WHAT TO WORK ON:
When you return the data, keep every word exact and include none of the images.

EXERCISE DATA:

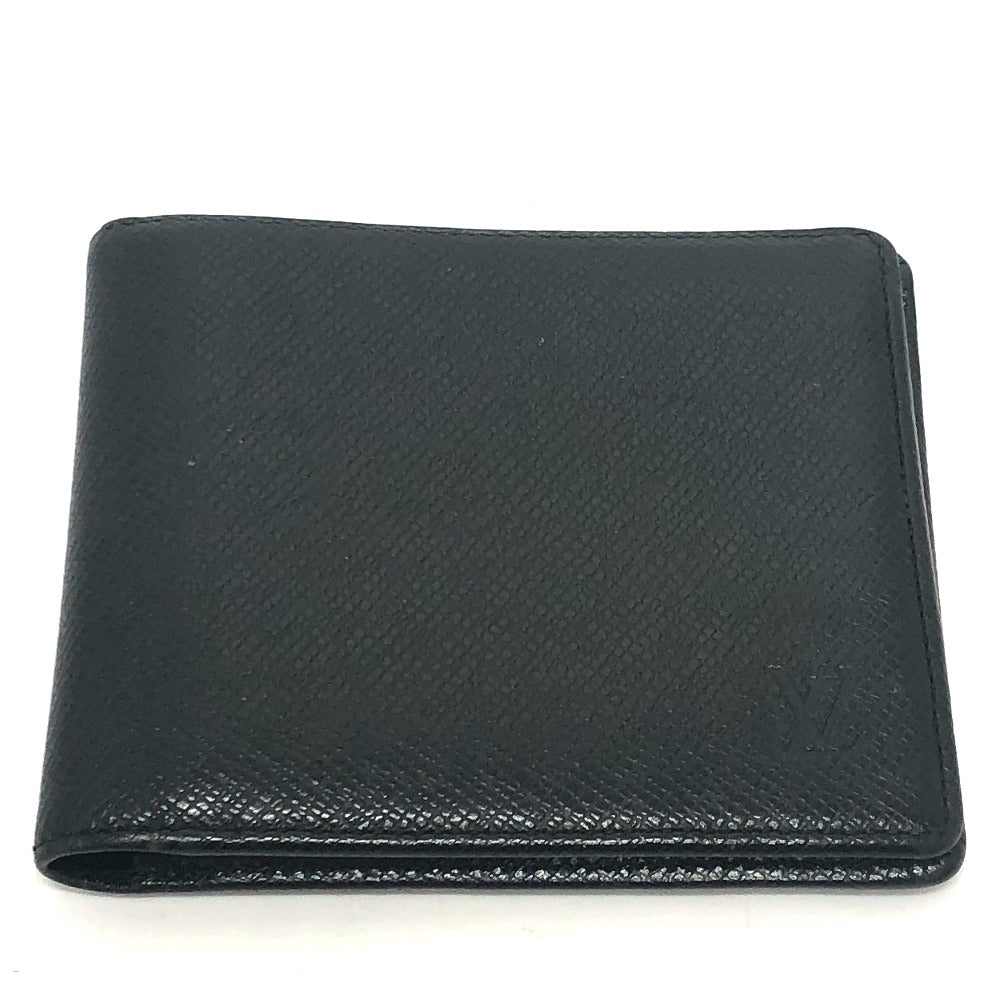 LOUIS VUITTON Folded wallet M30462 Taiga Leather black Porte Billets・Cartes Crdit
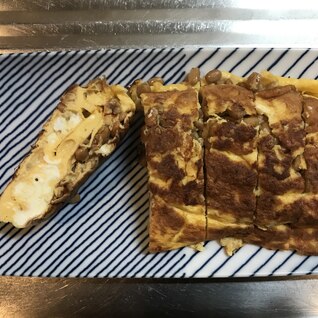 納豆入り玉子焼き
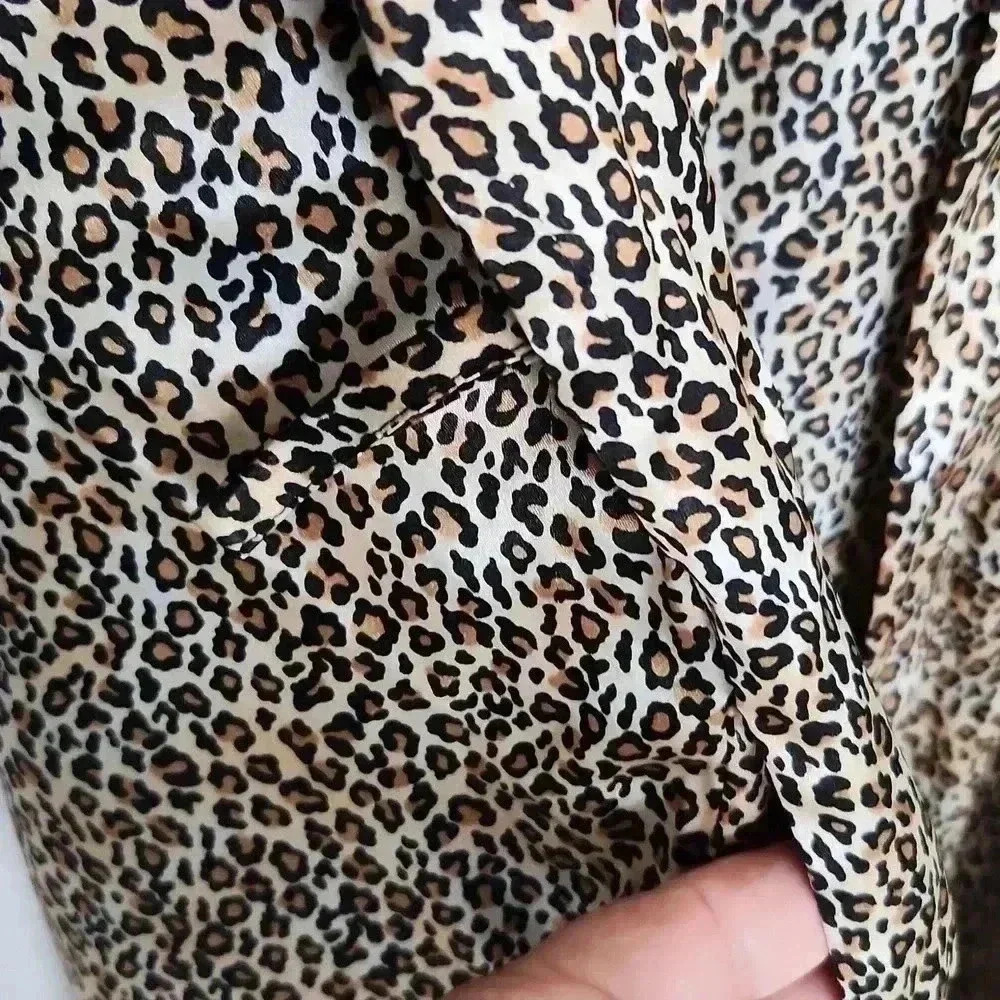 Inner Most Kimono Robe Nightgown Leopard  Print Size M - Picture 7 of 8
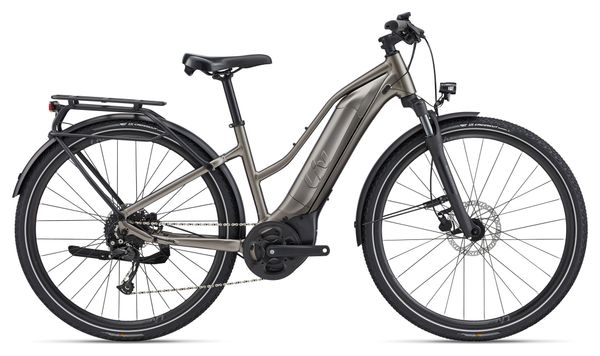 VTC Électrique Liv Amiti E+3 Shimano Alivio 9V 500 Wh 700 mm Gris Metal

EXERCISE RESULT:
 LOUIS VUITTON Folded wallet M30462 Taiga Leather black Porte Billets・Cartes Crdit
 納豆入り玉子焼き
 Inner Most Kimono Robe Nightgown Leopard  Print Size M - Picture 7 of 8
 VTC Électrique Liv Amiti E+3 Shimano Alivio 9V 500 Wh 700 mm Gris Metal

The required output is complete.